Product attributes
Imagen is a family of artificial intelligence (AI) image-generation and editing models developed by Google that allow users to generate images based on natural language prompts. Imagen models are built on advances in transformer-based large language models and multiple diffusion models, that start by generating a small image and progressively increasing the resolution. Google is incorporating Imagen models into a range of its products, including Image generation in Google Slides, Cloud Vertex AI, and Android’s Generative AI wallpaper. There are two main Imagen releases: Imagen 1 and Imagen 2.
With Imagen, users can do the following:
- Generate novel images by providing a text prompt
- Edit an uploaded or generated image with a text prompt
- Edit parts of an uploaded or generated image
- Upscale existing, generated, or edited images
- Fine-tune a model for a specific type of image generation
- Receive text descriptions of images with visual captioning
- Receive answers to a question about an image with Visual Question Answering (VQA)
Imagen is a text-to-image diffusion model built on a large transformer language model capable of understanding natural language prompts provided. Imagen uses a large frozen T5-XXL encoder to convert input text into embeddings. Then a conditional diffution model maps the text embedding into a 64×64 image. Imagen then implements text-conditional super-resolution diffusion models to upsample the image 64×64→256×256 and 256×256→1024×1024. Imagen is trained on the LAION-400M dataset of images.
Imagen 1 was developed by Google Research's Brain Team and announced on May 23, 2022. The announcement was accompanied by a research paper describing the model. However, initially, Google stated Imagen was "not suitable for public use at this time.” In November 2022, Google made Imagen available in a limited form through its AI Test Kitchen app.

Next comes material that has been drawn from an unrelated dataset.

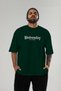 Wednesday Front Printed Green Oversize T-Shirt Men Women Cotton Crew Neck T-Shirt - 5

The release provided two ways to interact with Imagen called "City Dreamer" and "Wobble." City Dreamer lets users construct buildings to create a town, by describing each building. Wobble generates unique creatures based on user descriptions.
Google announced Imagen 2 at its annual I/O developer conference on May 10, 2023. Google stated the new text-to-image model would be made available via Vertex AI, the Google Cloud enterprise platform that provides access to foundational models, with security and governance controls. The model became generally available on Vertex AI on December 13, 2023, for customers on the approved allowlist. Vertex AI offers access to Imagen 2 via Google-managed infrastructure and privacy and safety features.
Imagen 2 provides improved image quality and a range of new features for different use cases including text rendering, logo generation, and VQA. Imagen was developed using technology from Google DeepMind.